I assume the zero_grad would need to go in the same if block?
I assume the zero_grad would need to go in the same if block?
One solution is to reduce the scope of the problem -- you can train on a smaller less diverse dataset such as TinyStories which is a collection of 1 billion tokens of chatGPT generated children's stories. After about 40 hours, less than one weekend, you'll have a model which can generate mostly grammatical children's stories.
If you have a newer mac and/or an ultra chip you'll have more and faster GPU cores, and might be able to train on FineWeb or a similar, larger and more diverse dataset.
I try to explain the Chinchilla paper in the post, but your favourite AI should be able to explain it well, and has the benefit that you can ask follow-up questions.

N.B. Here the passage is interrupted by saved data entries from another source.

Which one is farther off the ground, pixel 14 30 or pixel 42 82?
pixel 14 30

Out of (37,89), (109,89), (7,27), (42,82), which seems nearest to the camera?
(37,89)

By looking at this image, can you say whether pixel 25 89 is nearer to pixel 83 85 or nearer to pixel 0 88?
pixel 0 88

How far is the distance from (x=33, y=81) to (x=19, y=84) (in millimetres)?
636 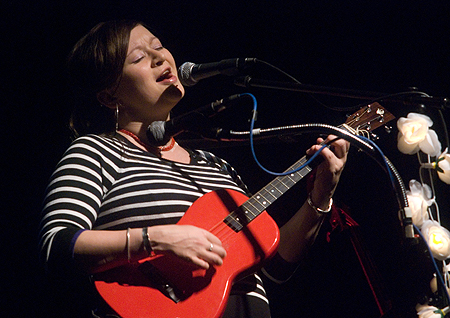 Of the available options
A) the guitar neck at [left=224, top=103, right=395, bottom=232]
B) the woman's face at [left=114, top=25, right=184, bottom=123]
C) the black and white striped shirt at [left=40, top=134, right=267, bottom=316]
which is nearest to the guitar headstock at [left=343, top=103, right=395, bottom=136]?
the guitar neck at [left=224, top=103, right=395, bottom=232]

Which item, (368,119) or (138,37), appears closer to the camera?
(368,119)

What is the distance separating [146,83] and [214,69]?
1.13 ft

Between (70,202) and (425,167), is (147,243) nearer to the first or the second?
(70,202)

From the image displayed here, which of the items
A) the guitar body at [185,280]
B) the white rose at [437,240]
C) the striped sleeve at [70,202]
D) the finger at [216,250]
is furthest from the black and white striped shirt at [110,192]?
the white rose at [437,240]

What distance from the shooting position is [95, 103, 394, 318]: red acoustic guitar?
3.32 feet

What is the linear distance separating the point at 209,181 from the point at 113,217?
16.4 inches

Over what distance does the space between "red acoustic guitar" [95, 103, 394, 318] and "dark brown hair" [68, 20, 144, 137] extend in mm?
633

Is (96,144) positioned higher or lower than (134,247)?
higher

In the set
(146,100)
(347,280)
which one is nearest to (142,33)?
(146,100)

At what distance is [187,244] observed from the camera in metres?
1.04

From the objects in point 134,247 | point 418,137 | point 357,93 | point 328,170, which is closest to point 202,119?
point 134,247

* OpenAI medium weights: 3.231
* OpenAI small weights: 3.500
* My locally trained model, FineWeb Chinchilla, batch size 6: 3.944
* My locally trained model, FineWeb-Edu Chinchilla, batch size 6: 4.167
* My locally trained model, FineWeb-Edu double Chinchilla, batch size 6: 4.135
* My cloud trained model, FineWeb Chinchilla, batch size 13 \* 8 = 104: 3.674
That last one was trained on an 8x A100 machine with 40 GiB per GPU, with the same code as before, just converted to DDP. It certainly looks like the much larger batch size has improved the model significantly.I'll be trying on larger machines. No gradient accumulation yet, but it's certainly looking like a valuable lever to pull for local training runs (and, I suspect, might also be useful on "small" cloud machines like the one I used -- will have to see what things look like with the bigger mini-batches I can squeeze onto 80 GiB and 160 GiB GPUs).
I have less concrete examples but my understanding is that dataset curation is for sure the way many improvements are gained at any model size. Unless you are building a frontier model, you can use a better model to help curate or generate that dataset for sure. TinyStories was generated with GPT-4 for example.

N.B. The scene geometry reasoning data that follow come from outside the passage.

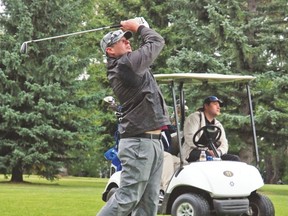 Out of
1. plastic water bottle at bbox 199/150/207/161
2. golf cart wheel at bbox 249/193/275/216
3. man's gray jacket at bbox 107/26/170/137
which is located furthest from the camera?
plastic water bottle at bbox 199/150/207/161

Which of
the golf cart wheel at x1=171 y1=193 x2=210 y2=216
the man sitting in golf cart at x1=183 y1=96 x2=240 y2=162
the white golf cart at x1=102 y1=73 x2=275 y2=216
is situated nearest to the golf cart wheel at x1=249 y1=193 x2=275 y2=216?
the white golf cart at x1=102 y1=73 x2=275 y2=216

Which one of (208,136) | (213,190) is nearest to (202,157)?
(208,136)

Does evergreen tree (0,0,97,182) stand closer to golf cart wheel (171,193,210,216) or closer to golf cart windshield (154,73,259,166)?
golf cart windshield (154,73,259,166)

One main point is batch size - I'd agree with Gemini here. Batch size <= 5 with 1024 seq len is really tiny. Nowadays models are trained with effective batch size of millions of tokens in total. Of course, this won't fit into memory, one uses gradient accumulations to that purpose, again as mentioned by Gemini.
Training duration is definitely also a reason - models do get better over time, otherwise people wouldn't train so long wasting millions :-) just how long for optimality is unclear, but certainly < 2 days is not optimal even at this "small" scale.
The optimizer could also play a role. As the author mentions, a fixed learning rate is hardly optimal, it is typically both increased in the beginning ("warm up", but that's for stability, if training works without, that's not an issue) and scaled down at the end ("cool down" - that is, annealing, with cosine as mentioned in the article). This generally squeezes out a bit more performance. Also, while it's true that dropout was used back then (might be useful for many epochs, likely only harmful for < 1 epoch), using _both_ dropout _and_ weight_decay > 0, as the author does, is probably wrong and makes training too slow & careful to get good results. Also, even if used, a "good" implementation of weight decay should skip some layers like embeddings and biases (GPT2 did that, and it's relatively important to do so).
On the other hand, I'm pretty sure that using mixed precision and TF32 has absolutely no downsides. It's really standard nowadays to use either mixed precision (FP16 gradients + FP32 base weights) or directly BF16 ("brain" float 16, a bit like the TF32 described there, but with only 16 bits) and I have almost never seen either one fail... and when it does, it typically fails spectacularly, with NaN losses or the model degenerating to trivial performance.